W grudniu radna wystosowała wniosek, poparty niemal jednomyślnie przez Radę, by dokładnie przeanalizowano miejsca nowych nasadzeń zieleni, która w przyszłości będzie powodowała niszczenie zabytkowej części cmentarza – „Zabytki należy chronić, a nie dewastować, co aktualnie możemy zobaczyć (…), patrząc na skutki spadających konarów oraz korzeni i pni wrastających w nagrobki. Na dalsze niszczenie (…) nie możemy być obojętni” – sugerowała Anna Morajko.
W odpowiedzi Aldona Słowik z wydziału GKiOŚ (Gospodarki Komunalnej i Ochrony Środowiska) broniła realizacji zadań Urzędu, wskazując że to Konserwator Zabytków decyduje o konkretnym miejscu nasadzeń – tam gdzie z przyczyn obiektywnych zostało usunięte drzewo, tam też musi zostać posadzone nowe bez względu na to, czy będzie stanowiło zagrożenie w przyszłości.
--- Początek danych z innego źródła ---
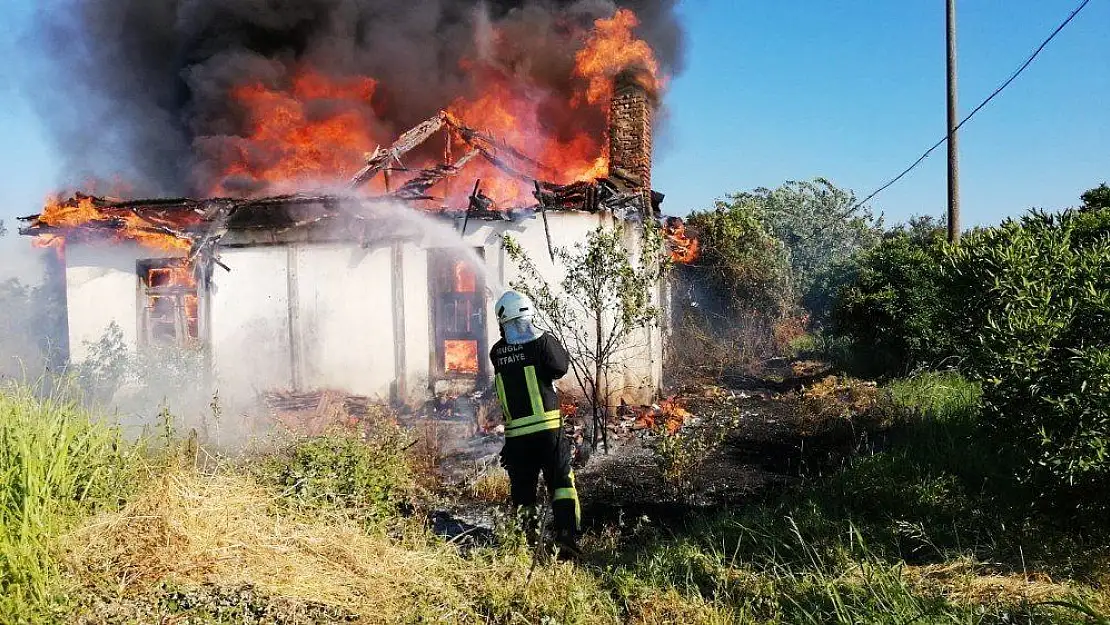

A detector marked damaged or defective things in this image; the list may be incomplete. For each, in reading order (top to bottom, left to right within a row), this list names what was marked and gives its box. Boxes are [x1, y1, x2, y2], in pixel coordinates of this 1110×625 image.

broken window [138, 258, 201, 346]
broken window [430, 247, 486, 376]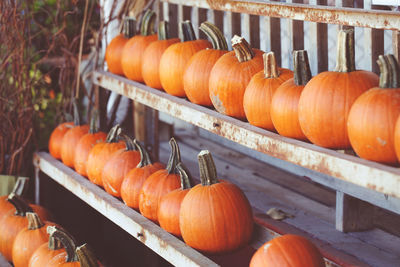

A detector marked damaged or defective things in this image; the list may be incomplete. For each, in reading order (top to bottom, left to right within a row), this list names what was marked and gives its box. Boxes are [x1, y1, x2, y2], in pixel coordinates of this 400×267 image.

rusty metal frame [161, 0, 400, 30]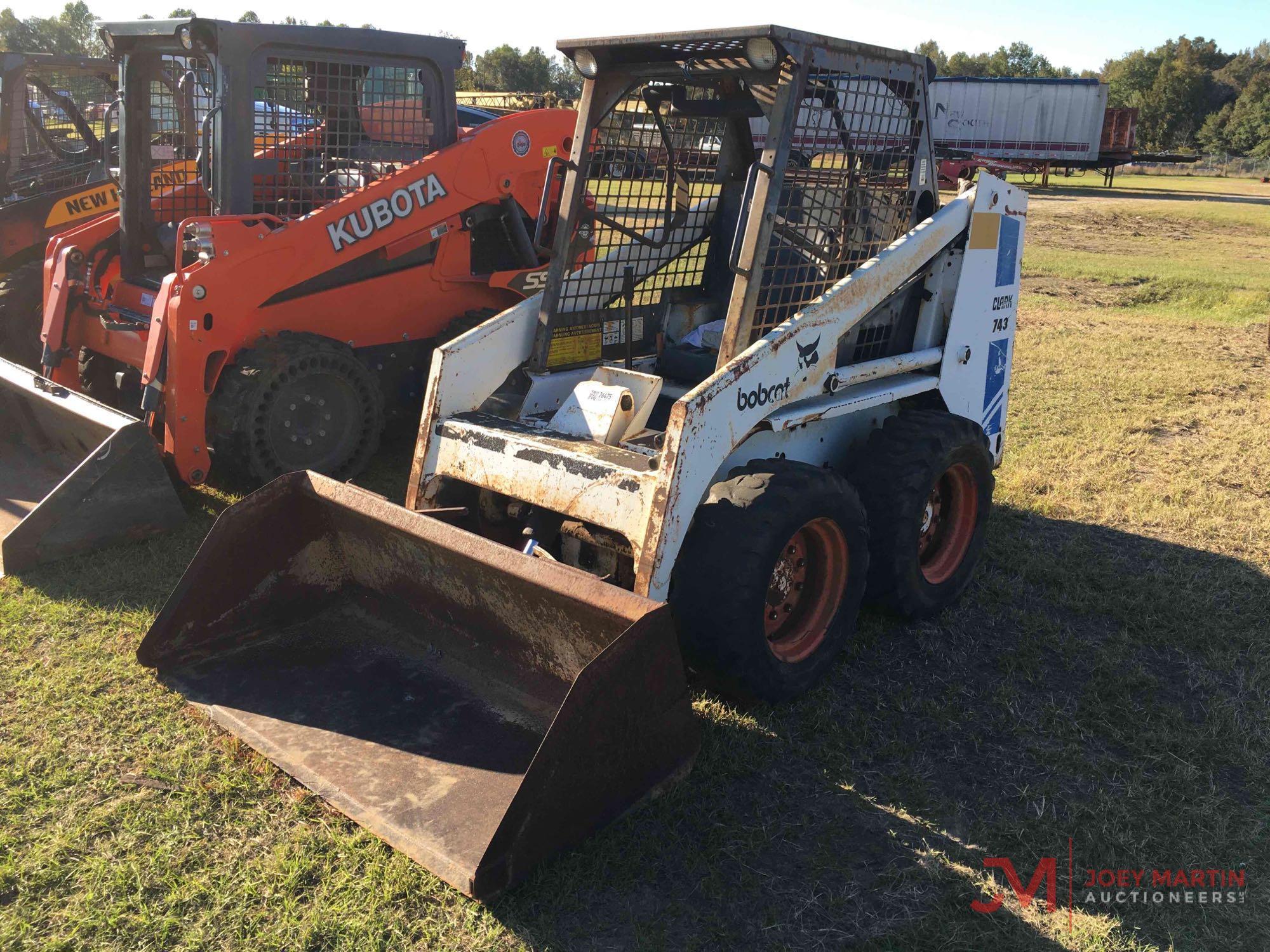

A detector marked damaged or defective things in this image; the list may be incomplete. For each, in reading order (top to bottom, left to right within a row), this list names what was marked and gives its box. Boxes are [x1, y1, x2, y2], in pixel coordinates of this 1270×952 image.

rusty bucket [0, 355, 185, 574]
rusty bucket [139, 475, 701, 904]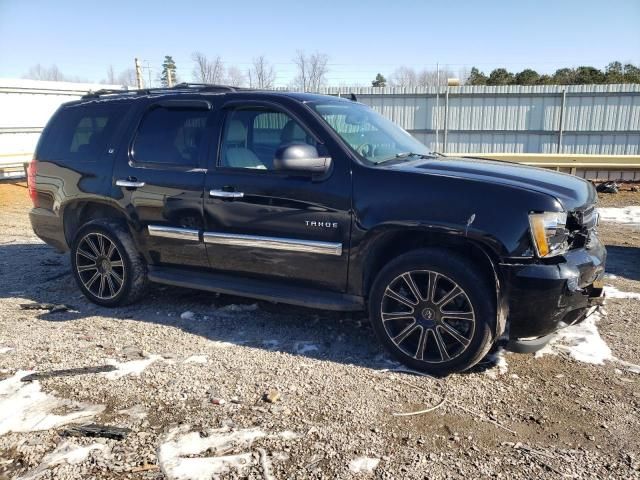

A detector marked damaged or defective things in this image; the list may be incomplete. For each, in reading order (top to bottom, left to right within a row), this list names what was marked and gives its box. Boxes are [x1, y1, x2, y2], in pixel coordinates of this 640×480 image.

damaged front bumper [500, 234, 604, 346]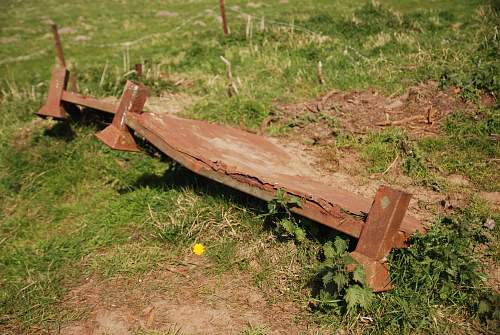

Warto dodać, że to nie jedyny konflikt, jaki dotyczy cmentarza, a w którym udział bierze Rada, Urząd i Konserwator Zabytków – w czerwcu pisaliśmy o problemach mieszkańców Bochni, którzy chcąc przeprowadzić remont nagrobków, muszą porozumieć się z Konserwatorem w celu doboru koloru i gatunku materiału, jak również o tym, że strefa ochronna cmentarza przy Orackiej obejmuje kwatery stosunkowo nowe, które nie powinny znajdować się pod szczególną opieką.
Więcej o tym: Remonty nagrobków z problemami (czasbochenski.pl)
Pół roku temu powstał wniosek przekazany burmistrzowi, w którym Rada prosi władze miasta o porozumienie z Konserwatorem Zabytków w celu rozluźnienia przepisów i ponowną analizę terenu strefy ochronnej nekropolii. Radni, by przyspieszyć ten proces, wskazywali w kolejnych pismach na dokładne fragmenty cmentarza, które są szeroko pojętym zabytkiem, oraz na te, które mogą zostać wyłączone spod odgórnych decyzji Konserwatora.
Radny Kazimierz Ścisło przy okazji wniosku Anny Morajko wrócił do tych wniosków, pytając czy udało się coś ustalić. Jak poinformowała Aldona Słowik nie ma jeszcze decyzji w tej sprawie, a pisma zostały wysłane lub nie – trudno stwierdzić, bo wpierw na pytanie przewodniczącego, czy przesłano listy do Konserwatora urzędniczka potwierdziła, że wysłano, lecz gdy Przewodniczący Rady Kosturkiewicz ponowił pytanie nie udzielono mu nań odpowiedzi.